At the time of Betsey’s death, her husband, Eugene Genovese, began to compile her varied writings that had appeared in various journals, magazines, newspapers, and in edited volumes.  The results staggered even those, like Genovese himself, who knew her well.  It immediately became apparent that a project to publish these pieces would require several volumes.  Under the general editorship of the gifted historian and close friend of Betsey’s, David Moltke-Hansen, a team of scholars from various disciplines agreed to edit a five-volume series that would bring Betsey’s scattered but significant writings together and make them available to a wide audience.  The University of South Carolina Press has just completed this major publishing event, and several AHI fellows, academic advisors, and friends contributed to it, including Founding Fellows Bob Paquette and Doug Ambrose, Senior Fellow Ann Hartle, and Fellow Sheila O’Connor-Ambrose.

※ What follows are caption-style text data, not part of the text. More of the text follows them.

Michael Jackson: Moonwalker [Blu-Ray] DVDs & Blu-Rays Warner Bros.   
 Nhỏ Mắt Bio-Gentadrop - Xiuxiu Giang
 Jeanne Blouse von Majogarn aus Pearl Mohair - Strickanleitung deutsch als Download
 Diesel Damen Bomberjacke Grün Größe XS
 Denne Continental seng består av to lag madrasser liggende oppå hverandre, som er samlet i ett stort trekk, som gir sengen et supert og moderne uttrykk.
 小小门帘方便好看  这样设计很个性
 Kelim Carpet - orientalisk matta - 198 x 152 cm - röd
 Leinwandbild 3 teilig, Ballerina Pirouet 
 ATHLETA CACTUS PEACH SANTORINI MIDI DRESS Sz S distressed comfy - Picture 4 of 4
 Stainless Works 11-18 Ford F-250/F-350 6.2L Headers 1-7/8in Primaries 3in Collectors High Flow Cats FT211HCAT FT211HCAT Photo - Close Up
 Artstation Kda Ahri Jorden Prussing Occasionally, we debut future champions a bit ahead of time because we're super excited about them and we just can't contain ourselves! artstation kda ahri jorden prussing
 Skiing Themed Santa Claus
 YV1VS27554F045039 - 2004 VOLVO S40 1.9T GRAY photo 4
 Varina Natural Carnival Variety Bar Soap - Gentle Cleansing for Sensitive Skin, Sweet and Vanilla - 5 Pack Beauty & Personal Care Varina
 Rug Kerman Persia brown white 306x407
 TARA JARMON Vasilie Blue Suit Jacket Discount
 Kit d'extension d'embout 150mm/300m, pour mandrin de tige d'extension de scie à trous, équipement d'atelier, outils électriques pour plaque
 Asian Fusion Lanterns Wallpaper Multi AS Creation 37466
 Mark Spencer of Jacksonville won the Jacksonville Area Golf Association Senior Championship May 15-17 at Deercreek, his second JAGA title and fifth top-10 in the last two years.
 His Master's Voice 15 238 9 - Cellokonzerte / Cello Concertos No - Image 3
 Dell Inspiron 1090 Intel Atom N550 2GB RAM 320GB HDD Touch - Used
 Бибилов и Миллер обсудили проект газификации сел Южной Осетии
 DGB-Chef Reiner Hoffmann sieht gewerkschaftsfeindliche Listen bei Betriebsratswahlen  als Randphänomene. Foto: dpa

AHI Fellows Co-Edit Volume 4 of Fox-Genovese Project

Sheila co-edited, with Ann Hartle, the fourth volume of History and Women, Culture and Faith: Selected Writings of Elizabeth Fox-Genovese.  This volume, entitled Explorations and Commitments: Religion, Faith, and Culture, focuses on Fox-Genovese’s conversion from a secular historian to a devout Catholic and the intellectual fruits of that conversion.  Ann, a professor of philosophy at Emory, was a friend and colleague of Betsey’s.  Sheila was a student of Betsey’s at Emory, among the first students admitted directly in 1991 into the Women’s Studies PhD program.  Editing the volume proved especially rewarding and meaningful to Sheila, who, in addition to being Betsey’s student and friend, was also her godmother.  The final section of Explorations and Commitments contains excerpts from Betsey’s highly private journals in which she speaks movingly of her struggle with physical challenges, including Multiple Sclerosis, and the comforts and mysteries of faith.